[Opening DATA SHOWN section]
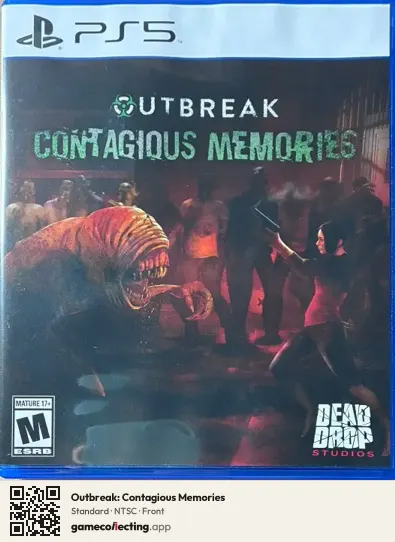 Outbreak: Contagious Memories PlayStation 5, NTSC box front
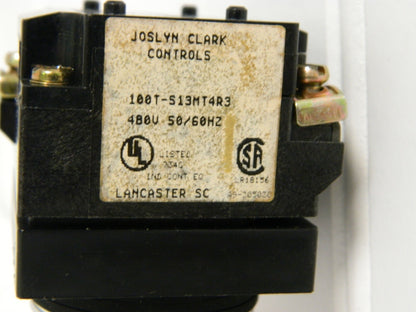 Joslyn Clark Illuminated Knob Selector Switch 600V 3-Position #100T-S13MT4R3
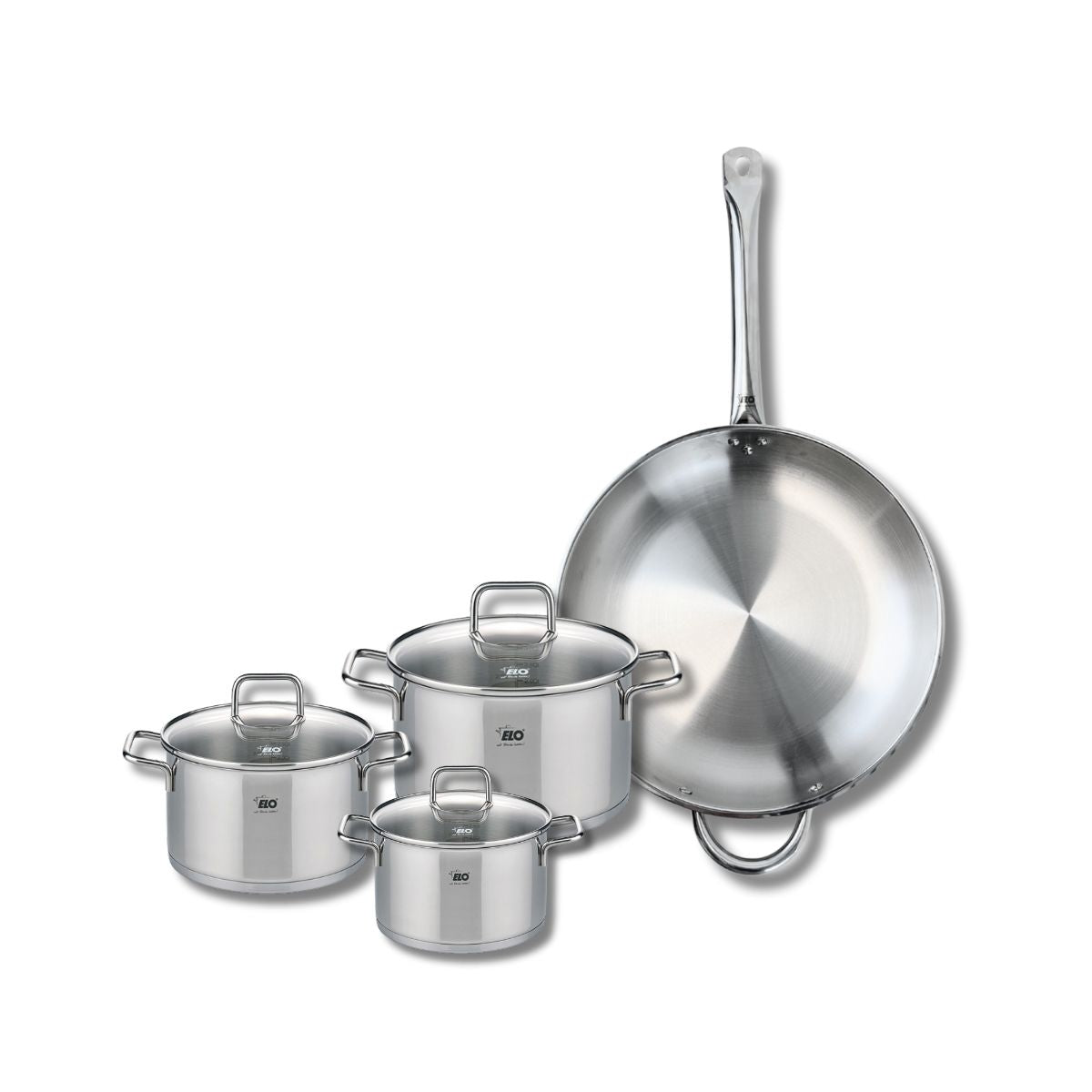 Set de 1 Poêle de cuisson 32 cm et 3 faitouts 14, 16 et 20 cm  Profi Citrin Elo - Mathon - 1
[Closing DATA SHOWN section]
■ **PROBLEM DESCRIPTION**: Only the lines from the one containing "Joslyn Clark Illuminated" to the end of the listing belong in the answer, exactly as they stand and with no pictures.

■ **SOLVED PROBLEM**:
 Joslyn Clark Illuminated Knob Selector Switch 600V 3-Position #100T-S13MT4R3
 Set de 1 Poêle de cuisson 32 cm et 3 faitouts 14, 16 et 20 cm  Profi Citrin Elo - Mathon - 1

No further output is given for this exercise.